When Raheem Sterling headed home within the first two minutes on Sunday, the end result was already inevitable. Whether 1-0 or 5-0, Manchester City were going to beat Arsenal. A few days earlier they were being held to a 1-1 draw by Everton, but it felt as though the three points were destined to be City’s. They won 3-1, of course.
This is the way with Manchester City right now. They have won 18 successive matches. On Wednesday they face Borussia Monchengladbach in the Champions League round of 16, and will surely make it 19. West Ham United are next in the crosshairs on Saturday. Will that be 20? Probably.
No winning run lasts forever, but at times it feels like City’s could. Just as a 100-point season felt unattainable for decades and Pep Guardiola’s mob just went and did it anyway in 2017-18, the Sky Blues just keep finding new ways to reach heights that used to feel impossible.

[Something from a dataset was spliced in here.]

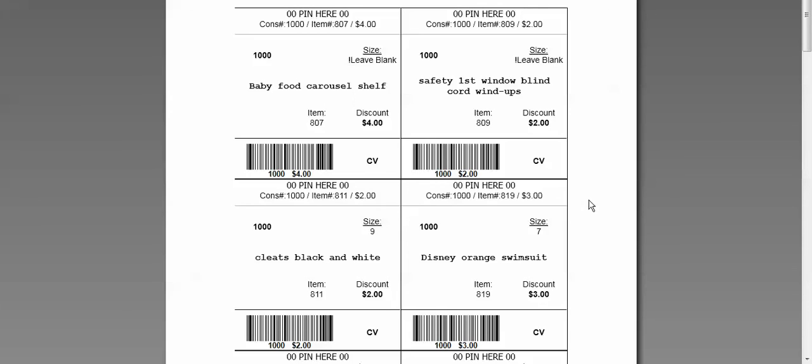So then I would just print my tags. And once they are printed, I am just going to cut them apart and put them on my items. And then all I need to do is bring them into the sale.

They have the means to set new boundaries, of course. They are bankrolled by the Abu Dhabi royal family, a sports-washing exercise, per Amnesty International, Human Rights Watch and others, for a state which needs international support to offset its human rights record. The ins and outs are well known, and in the eyes of many will forever place an asterisk against what City are able to achieve.
What they also have is probably the greatest manager in the world at the moment, a man who is unrelenting in his pursuit of perfection, who won’t let questions over the ethics of his employers affect his desire to draw a spotlight on the club. It would probably give City better PR were they to not be so bloody good at football, but Guardiola won’t stand for that.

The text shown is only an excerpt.